Biomasse der Bergwälder Afriaks leistet erheblichen Beitrag zum Klimaschutz

Erst vor kurzem wurde eine Studieveröffentlicht, die deutlich macht, welche große Bedeutung die tropischen Bergwälder Afrikas als Kohlenstoff-Speicher der Erde haben. Die oberirdische Biomasse dieser Bergwälder leistet einen erheblichen Beitrag zum Klimaschutz.

Aufgrund der Höhenlage war die Forschung davon ausgegangen, dass die tropischen Bergwälder weniger produktiv seien als Tiefland-Regenwälder. Der Weltklimarat IPCC gab in seinen Berichten für Afrika den durchschnittlichen Speicherwert von 89,3 Tonnen Kohlenstoff pro Hektar an.

Doch die internationale Studie zeigt, dass dieser Wert auf dem afrikanischen Kontinent um zwei Drittel höher liegt.

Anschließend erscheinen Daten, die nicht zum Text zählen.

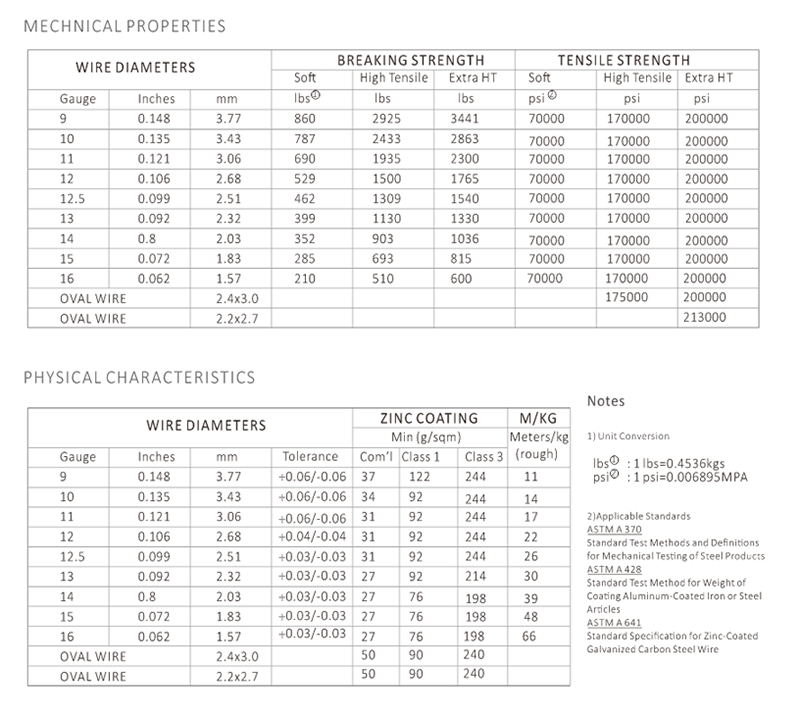 Producteur de fil d'acier galvanis&eacute; avec treillis de vigne - AGROW CHINA.jpg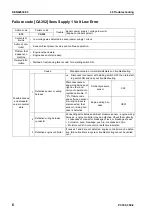 Preview for 608 page of Komatsu ecot3 PC300-8 Shop Manual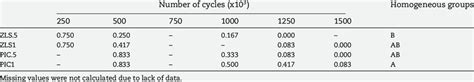 Kaplan Meier Statistic Of The Number Of Cycles Until Failure And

Tatsächlich kann ein Waldstück in den tropischen Bergwäldern Afrikas im Durchschnitt etwa 149,4 Tonnen Kohlenstoff pro Hektar aufnehmen – das entspricht ungefähr dem Kohlenstoffspeicher der afrikanischen Tieflandregenwälder und liegt deutlich über dem Wert der Tiefland- und Bergwälder Südamerikas.